The Power of Blogging

I don’t know if this link will work in other countries but I wanted to share and apologies to those of you in the UK who will have heard about it.  This is what happens when a blog hits the news, it’s just brilliant! Perhaps school dinners don’t even exist in all of the places where my readers live, but in the UK for two pounds your child can be provided with a lunch. In some places around the country it willbe a healthy and nutritious meal that may even be better than they might get at home.  I believe that the state still provides a free meal for children whose  parents are on benefits or a very low income. Anyway here is the link,

14 thoughts on “The Power of Blogging

  1. This just shows how tiny this planet that we live on is. I saw a link to this girl’s blog awhile ago and left a comment. Today, at some training for school governors the whole fuss & ho-ha was mentioned and now – here it is again!

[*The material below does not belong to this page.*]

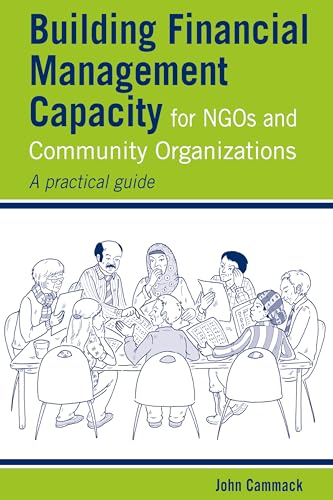 Beispielbild fr Building Financial Management Capacity for NGOs and Community Organizations: A practical guide (Practical Guides for Organizational & Financial Resilience) zum Verkauf von WorldofBooks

Brilliant!

  2. Here the schools give breakfast and lunch for free to needy kids. In urban areas, when school is out in summer, lunch is provided in the parks for any kid in need. I honestly don’t know how the rural locations handle it…I’ll have to investigate.
    Good of you to highlight this issue and I agree with you re: blogging–such a powerful tool!!

  3. Frankly, her photos look a lot more appealing than the stuff my school cafeteria offered, but that was a long long time ago! If this leads to better school lunches, that’s great, and I’m glad she’s not being censored any more. (It always bothers me, though, when people get their problems resolved after getting the attention of the media. Not because the lucky person got what they deserved – it’s great that they’ll get fair treatment, but because only a certain percentage of mistreated people can get publicity. What about the others?)

    As for school lunches beyond the UK – when my kids were of school age here in New Jersey (USA), one of the forms we had to fill out at the beginning of every school year was an application for free or reduced price school lunches (if your income was higher than the requirements, you just checked that your child didn’t qualify and sent the form back with your signature). As far as I know, this is still a typical program – the lunches are subsidized by the US Department of Agriculture. I’ve read that in school districts with a large low-income population, schools often provide breakfast too. The basic idea, of course, is that (a) hungry children can’t pay attention in class and (b) children should have access to nutritious food.

  4. I heard about this on radio 4 earlier. What the school was thinking when they tried to stop her worries me.

  5. The concept of rating each lunch on her blog to raise money for charity, is excellent ~ but I find the headline about dinner ladies needing to lose their jobs disturbing. Unlike when I was at school, (when you ate what you were given) modern children do have choices ~ so I’m assuming that this little girl opted for the bizarre combination shown. My son took cheese sandwiches in his school lunchbox, every day for ten years ~ he refused anything else point blank but when his father asked why he didn’t have more variety he responded, ‘that’s all she gives me.’ !!!! 🙂

  6. This little girl’s dedication and comittment are so admirable. Even there are other choices, she should be allowed to photograph and speak out. In my kids’ school (I’m in the US) the lunches are substantial but so heavily processed I don’t think they are worthy of any child. There was an overhaul this year but processed meats, processed “cheese-foods” and deep-fried entrees still seem to dominate. My kids opt out; I make lunch to go every morning, which I recognize I am extremely fortunate to be able to do. Thanks for spreading the word, Gilly.

  7. Yes, it was all over the radio here…I listen to NPR and they interviewed the writer about Martha’s blog. I was impressed. Simple idea. Simple photos. No heavy pontificating… Magic! Hmmm. What’s the lesson in that? 😆 TY!

  8. Kudos to Martha. In Ghana, the government has introduced a school feeding programme in some deprived areas (both urban and rural) where school kids are provided with one main meal a day, mostly lunch. Not a bad idea, though, since this policy has led to the increase in school enrolmment. The quality of the food, however is another matter altogether and there have been cases where the kids have had diarrhoea after eating. On the whole, though, the quality of food has undergone some improvements in recent times.